• **Exercise**: Give back the lines below verbatim, omitting all pictures.
--- Dataset content Enclosed Below ---
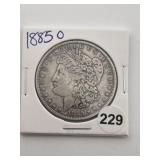 1885 O Morgan Silver Dollar Coin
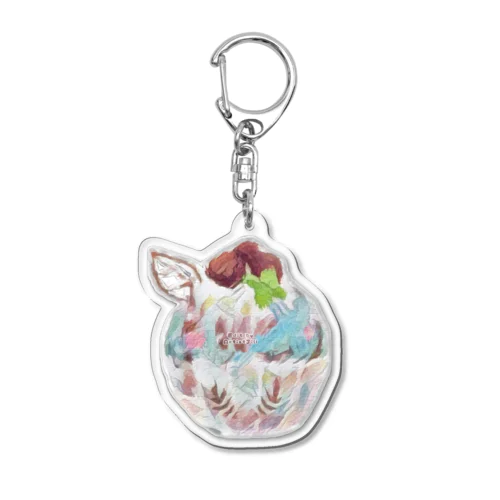 桜チョコミント❀スイーツ Acrylic Key Chain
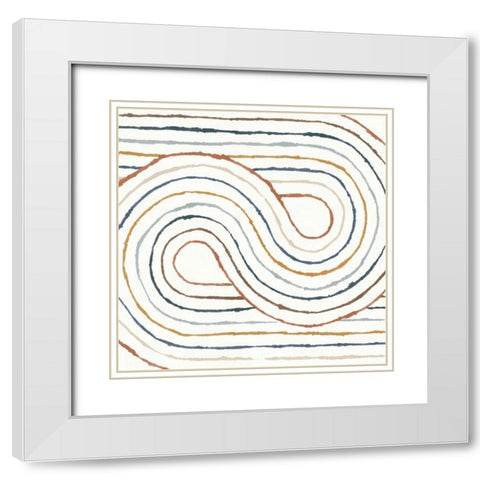 Rainbow Road I White Modern Wood Framed Art Print with Double Matting by Hershey, Moira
--- End of Enclosed Dataset content ---
• **Answer space**:
 1885 O Morgan Silver Dollar Coin
 桜チョコミント❀スイーツ Acrylic Key Chain
 Rainbow Road I White Modern Wood Framed Art Print with Double Matting by Hershey, Moira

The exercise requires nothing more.